Le parti présidé par Rahul Gandhi est convaincu qu’il y a eu “escroquerie” et conteste “l’affirmation selon laquelle l’accord intergouvernemental de 2008 entre l’Inde et la France, signé sous la précédente majorité, ne permet pas au gouvernement indien de révéler le montant du marché”, ce que prétend Narendra Modi. Rahul Gandhi avait lancé la polémique vendredi 20 juillet, à l’occasion du débat sur une motion de censure contre le pouvoir actuel.
L’argent du contribuable est en jeu
The Economic Times a fait le calcul : “Le contrat était évalué en 2012 à 189,4 milliards de roupies (2,35 milliards d’euros) et il a finalement été signé pour 601,4 milliards de roupies (7,48 milliards d’euros)”. Le ministère indien de la défense parle même aujourd’hui de “670 milliards de roupies” (8,31 milliards d’euros). Si le Parti du Congrès veut une explication sur ces écarts, c’est parce que l’argent du contribuable est en jeu et parce que Rahul Gandhi jure s’être entendu dire par le président français Emmanuel Macron, lors d’un tête-à-tête à Delhi, en mars, qu’il n’y avait aucun secret défense dans ce dossier.
“Ce sont des allégations infondées”, ne cesse de répéter le parti nationaliste hindou majoritaire (BJP), cité par The Hindustan Times, car la confidentialité ne porte pas sur le prix des Rafale mais sur l’équipement des avions. “La divulgation de certaines informations pourrait avoir un impact sur la sécurité et les capacités opérationnelles des arsenaux indiens et français”, affirme-t-il. Pour l’instant, le gouvernement Modi se contente d’indiquer qu’à l’unité, le prix final des Rafale est en fait “inférieur de 9 %” à celui envisagé au tout début de cette affaire, oubliant de rappeler qu’initialement, l’Inde prévoyait d’acheter non pas 36 Rafale, mais 126.

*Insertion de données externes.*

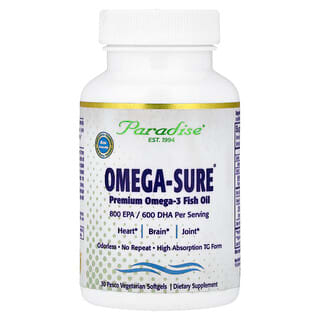 Paradise Herbs, Omega Sure®, премиальный рыбий жир с омега-3, 1000 мг, 30 вегетарианских капсул Pesco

“Le vrai problème, ce ne sont pas les Rafale”, explique le journal économique Mint dans son éditorial du 24 juillet. Certes, des questions restent sans réponse, comme celle du favoritisme dont le choix du partenaire local de Dassault, Reliance Defence, pourrait avoir été entaché. Mais en réalité, “Rahul Gandhi cherche un tremplin pour accéder au pouvoir en 2019”, à la faveur des élections législatives programmées au printemps.
“Le culte du secret va à l’encontre du débat démocratique”, reconnaît Mint, mais la vraie question est de savoir de combien d’escadrons l’Inde a besoin pour se protéger de ses ennemis. “Rahul Gandhi prend plaisir à mouiller le président d’un pays étranger ami dans son combat politique, il ferait mieux de faire des propositions sérieuses en la matière.”